#### Try it:
Could you retype only the lines from the one containing "Slug Rail - chevalet - noir Pickup" through the final line of the entries, both included, skipping any images?

#### Entries provided:
■ ■ ■ ■ ■
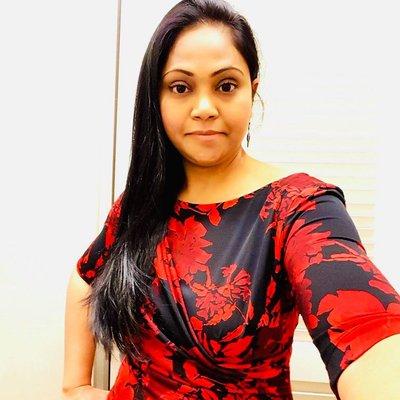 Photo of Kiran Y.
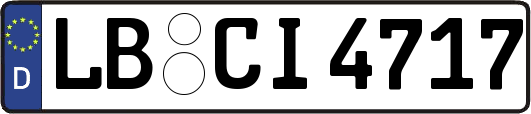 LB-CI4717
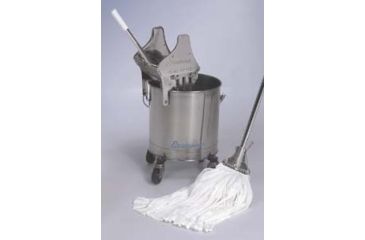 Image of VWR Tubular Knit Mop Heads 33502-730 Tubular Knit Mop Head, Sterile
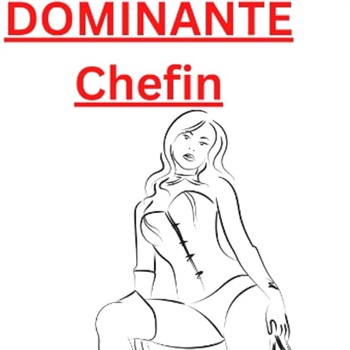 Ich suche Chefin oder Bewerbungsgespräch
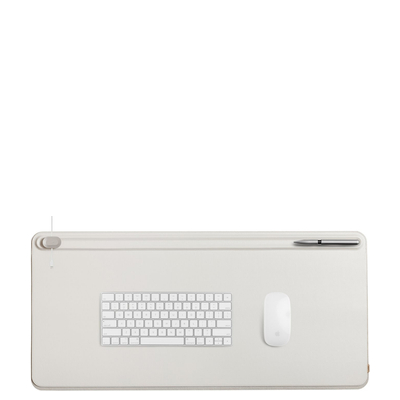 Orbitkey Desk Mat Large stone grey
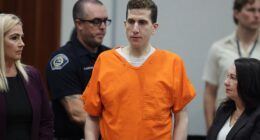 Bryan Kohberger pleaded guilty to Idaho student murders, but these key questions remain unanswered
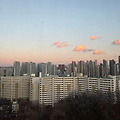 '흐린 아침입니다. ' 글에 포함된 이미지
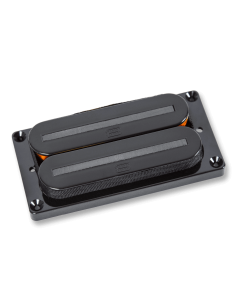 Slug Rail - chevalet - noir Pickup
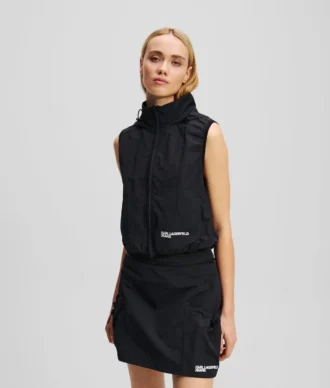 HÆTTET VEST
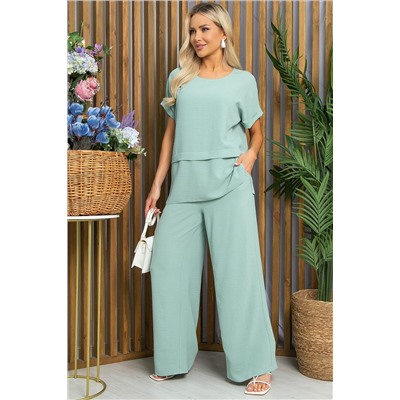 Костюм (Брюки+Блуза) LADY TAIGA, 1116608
■ ■ ■ ■ ■
#### Task answer:
 Slug Rail - chevalet - noir Pickup
 HÆTTET VEST
 Костюм (Брюки+Блуза) LADY TAIGA, 1116608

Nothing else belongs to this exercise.